Abstract

Prosopagnosia is a condition during which a face is recognized as such, but not as the face of a person familiar to the observer (1). Patients suffering from this condition recognize their fellow humans by means of their voice, movements, clothing, and so called paraphernalia (glasses, beard, earrings, etc.). Most likely, a dysfunction or lesion of the right fusiform/lingual gyrus is sufficient to cause prosopagnosia, at least transiently. The most common cause is ischaemic, but other causes for disturbed function in the respective region, e.g. tumours, trauma, intoxication, have been reported (2). Here we report the first patient with stereotyped prosopagnostic aura.
Case report
A 58-year-old left-handed man, a tax consultant in his own small firm, was treated in our tertiary care headache centre at Zurich University Hospital. He had suffered from migraine without aura since the age of 20, with an attack frequency of about one per month, with several attack-free periods of a few years. He reported a transient increase in attack frequency around the age of 25, because of which he was put on prophylactic treatment for a few months (no further details remembered). Since the age of 52, all of his migraine attacks had become associated with stereotyped auras, starting with a propagation of ‘coloured rings’, extending from bottom to top in both visual fields, leading after about 10 min to a concentric restriction of the visual fields, sparing more than 45° of central vision. He was unable to specify the colours, but stated that the phenomenon was certainly coloured rather than black and white, without any predominant colour.
At this stage the patient was unable to recognize faces of familiar persons, although he could see them as a whole, and described them as ‘whitish disks’ or ‘eggheads’. To recognize a familiar person he would have to use their voices, movements and clothing. If he was concentrating on a certain part of the face for a while, he was able to recognize it clearly as such (e.g. the nose or the mouth). He could clearly see other parts of the body, the environment, and objects, in colour and had no problem in recognizing them. The prosopagnostic condition lasted an additional 10–15 min, and faded away over about 5 min while the visual field defect normalized. Mental status during such an episode could not be obtained, but in the interval there was no deficit in his status; this included strictly normal face recognition.

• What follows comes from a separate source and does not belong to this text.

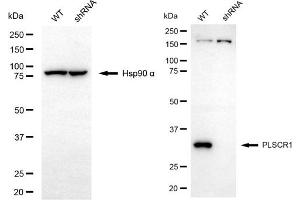 Western blotting analysis using PLSCR1 antibody (ABIN7799826). (PLSCR1 anticorps)
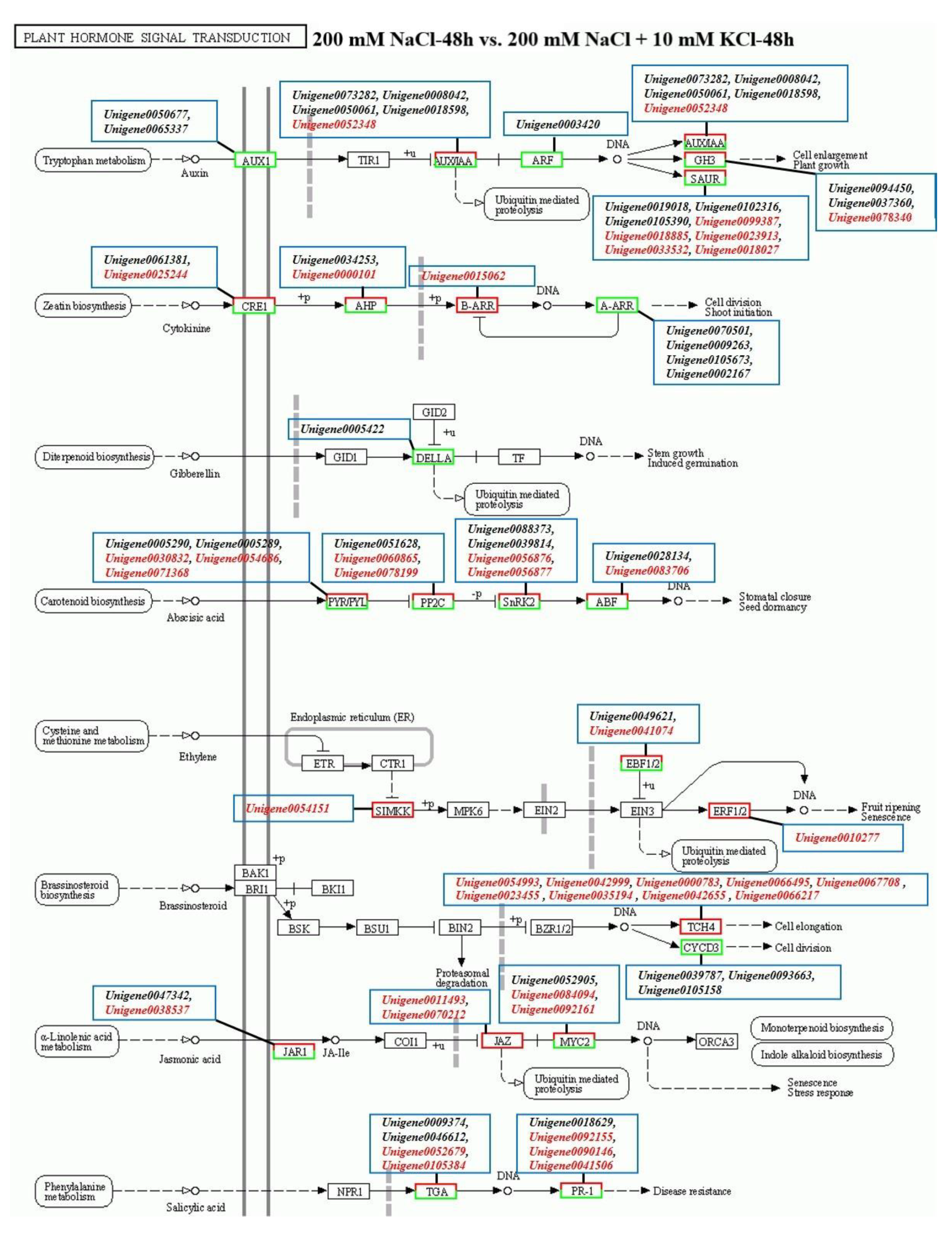 Genes 13 01803 g002a Genes 13 01803 g002a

Without any interval, there followed strongly pulsating headache of moderate intensity, with a duration of about 12 h when untreated. Headache localization was unilateral in about 80%, and about equally often on each side. In the remaining cases headache was bilateral. It was aggravated by physical activity and accompanied by phono- and photophobia, but no nausea. His usual treatment consisted of analgesics (either 1000 mg of acetylsalicylic acid or a combination of 500 mg paracetamol, 50 mg caffeine and 4 mg chlorphenamine). He reported stress, particularly during work, and weather changes as typical triggers. Since the onset of migraine aura, migraine frequency was higher than before, with several attacks per month. In the 6 months before presentation, on a combination of a β-blocker (nadolol 30 mg/day) and a selective serotonin reuptake inhibitor (fluoxetine 20 mg/day) prescribed by the general practitioner, only three attacks had occurred. About 5 months before presentation to the headache clinic, the patient had suffered a single episode of a typical transient global amnesia, which was diagnosed during a brief hospitalization in our neurology department (normal medical and neurological examination, normal computed tomography).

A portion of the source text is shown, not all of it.